Besser noch als die reinen Metalloxyde sollen die Verbindungen derselben mit Kiesel-,
Bor-, Antimon- oder Wolframsäure sein, da sie die Zerlegung des Chlorammoniums schon
bei niederer Temperatur bewirken. Die Umsetzung wird in guſseisernen Retorten
vorgenommen, welche den zersetzenden Körper in geeignet zertheilter Form enthalten,
z.B. Nickeloxydul in porösen Kugeln, als Ueberzug auf Bimsstein oder in Stücken,
gemischt mit irgend einem indifferenten Körper. Die Retorte wird auf die nöthige
Temperatur erhitzt und Chlorammonium in Dampfform eingeleitet. Das gebildete
Nickelchlorür wird hierauf im Luftstrom auf 500 bis 550° erhitzt, wodurch Chlor frei
wird und wieder Nickeloxydul entsteht, welch letzteres von Neuem zur Zerlegung von
Chlorammonium dienen kann. Auf diese Weise soll Chlorgas von 5 bis 7 Vol.-Proc.

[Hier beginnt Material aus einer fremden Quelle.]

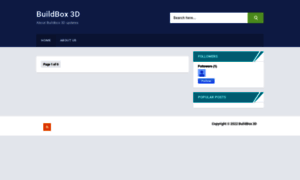 Buildbox3d.blogspot.com thumbnail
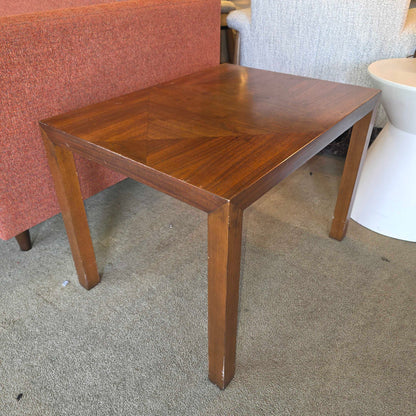 Lane Square with Diamond Top Side Table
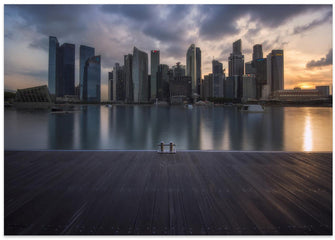 Art Prints of City Dock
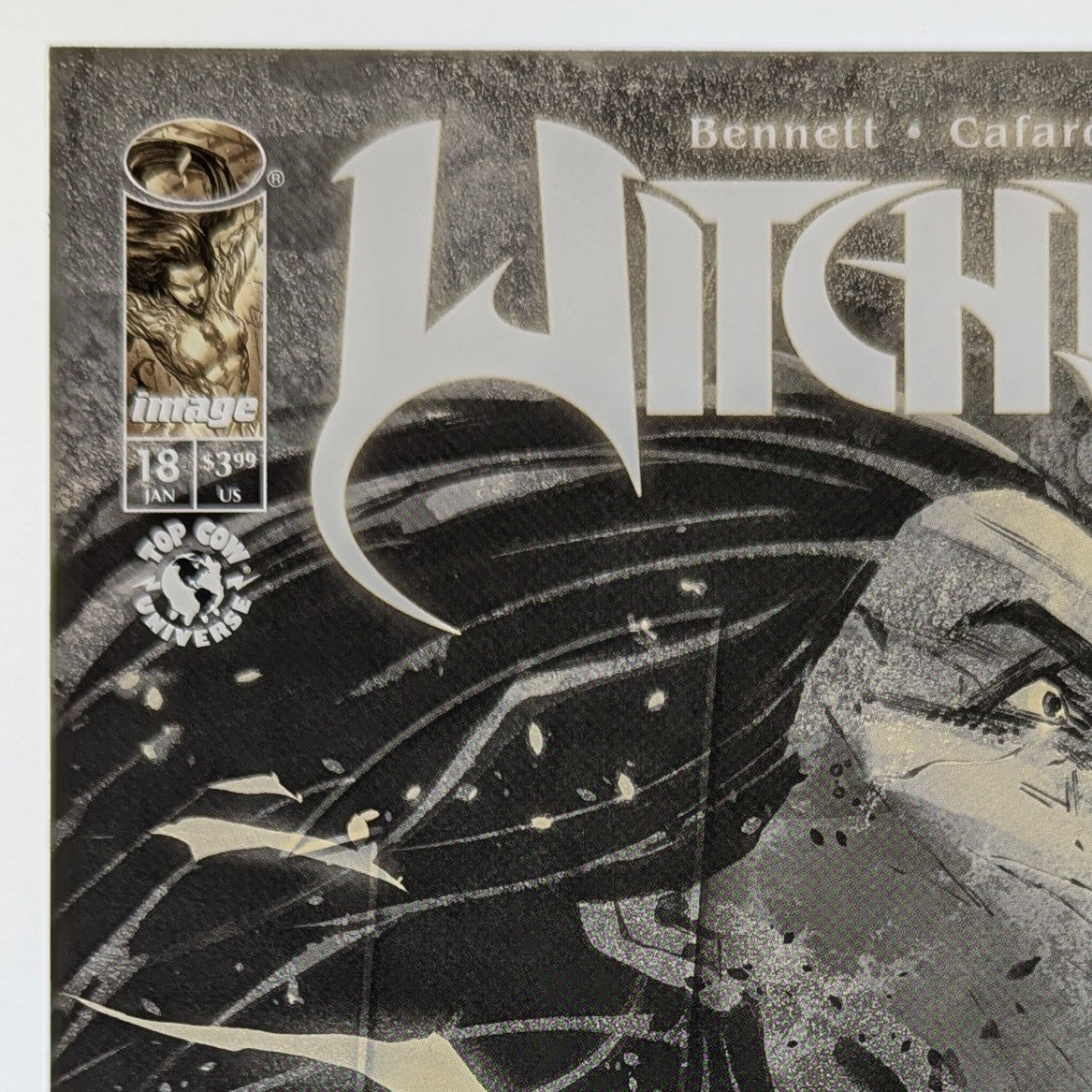 Witchblade #18 Knight of Comics Exclusive Danejo Megacon Virgin
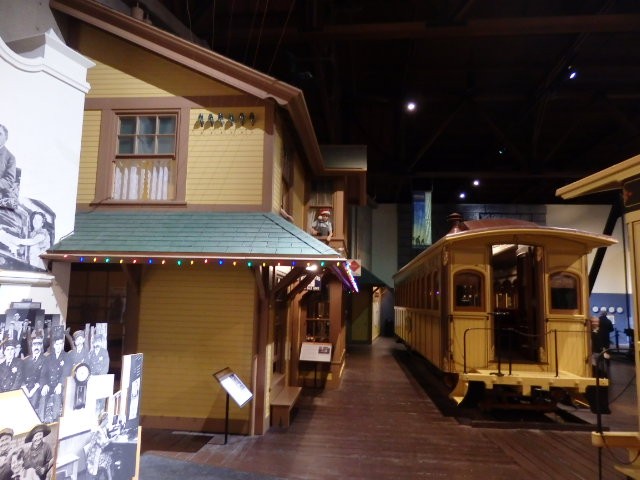 Foto: Museo Ferroviario de Estado de California - Sacramento (California), Estados Unidos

erhalten werden, welches, wenn andere schädliche Gase fehlen, zur Darstellung von
Chlorkalk genügen würde.
Anders verläuft die Zersetzung, wenn statt Luft Wasserdampf durch das erhitzte
Nickelchlorür getrieben wird; entsprechend der Gleichung: NiCl2 + H2O = NiO + 2HCl
entsteht Salzsäure. Doch dürfte deren Herstellungspreis noch zu theuer sein und wird
sich der Werth des Verfahrens erst aus den in Northwich in gröſserem Maſsstabe in
Angriff genommenen Betriebsversuchen ergeben.
Schlieſslich kommt Hasenclever noch auf das Hermite'sche Bleichverfahren und seine Beurtheilung
durch Cross und Beran einerseits und Hurter andererseits zu sprechen. Hierüber ist in diesem
Journal bereits auf S. 175 dieses Bandes berichtet.